The "ENABLE" on your VFD
It is usually there somewhere. Most have buttons direct on the case, but if to be controlled from external ON and OFF switches, have connections for that. The good ones are safety rated such that an E-Stop switch can be wired to the ENABLE, guaranteed to stop the drive, and render the motor connections so safe that you could work on it's connections (I would never trust that)! Similarly, there can be places on the VFD to connect your START and STOP switches.

As example, here is a picture of an (old) motor controller I have diverted from being trashed.
XD-08-MN Motor Controller.jpg

You can see the row of buttons to start, and stop, and setup. You can also see the other terminals to hook up to external buttons for start, and stop functions.

Your surface grinder
Getting your kit right should be quite easy. Probably the most important check is to know what the transformer does. Sure, the contactor for the grinder motor is now replaced by VFD, but you might want to retain START and STOP, etc push-button switches. Just add a extra hole for the external speed control potentiometer.

My bet is the transformer supplies the isolated safe low voltage (usually 24V) for latching the coils of the contactors, putting through E-Stop safety circuits, and stuff like that. These transformers also supply the power to light up the indication lights. Usually the ON running bulb is powered from across the contactor relay. Your VFD may have an ON state output for this, or a output that can drive a relay to light it up.
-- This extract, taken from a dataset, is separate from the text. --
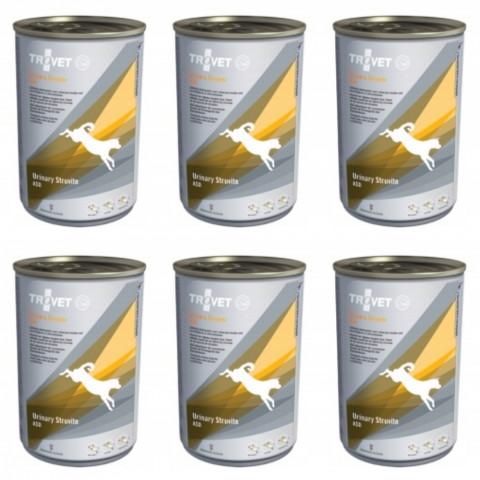 TROVET ASD Anti-Struvit Diät – Nassfutter für Hunde – 6x400 g - Fotogalerie 1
The wiring diagram and instructions for your VFD may be a good start. While I am sure I could get enough indications from the display of the example drive in the picture, I would be seeking to have it hidden away in the control enclosure, and it can light up external lamps, and respond to external push-buttons that were there on the original kit.
 
Last edited:
Hi David:

The Vintage Machinery site has a fairly detailed wiki page on magnetic starters:


The wiki page may help to back up what @graham-xrf recommended above (all of which seems sensible to me).

Craig
Disclaimer: I am not electrician and I've never even touched a VFD in real life!
 
David,
my lathe, all three-phase, used a transformer powered from one leg of the 3-phase to convert to 120v ac as a control voltage which runs to all the clutches, motor starters, control relays and push buttons.
because I run the motor (s) via the VFD, I removed the transformer from the circuit and ran a separate 120v ac line which is dedicated to the control elements.
 
So you have a Vfd for the grinding spindle...what are you going to run the pump from? It is also 3 phase.
You can see the control transformer reduces the 3 phase hi voltage to a single phase low voltage....115 vac.
Control voltages are just that a lower voltage circuit almost always single phase meant to control the functions of the machine.
Older machines generally used 115 vac.
It wasn't until later that the use of DC control voltages started being used.
Avoid over complicated circuits on this simple unguarded machine.
 
The transformer is there to power the coils on the contractors (relays) that control the motors. Typically control circuits are 24v.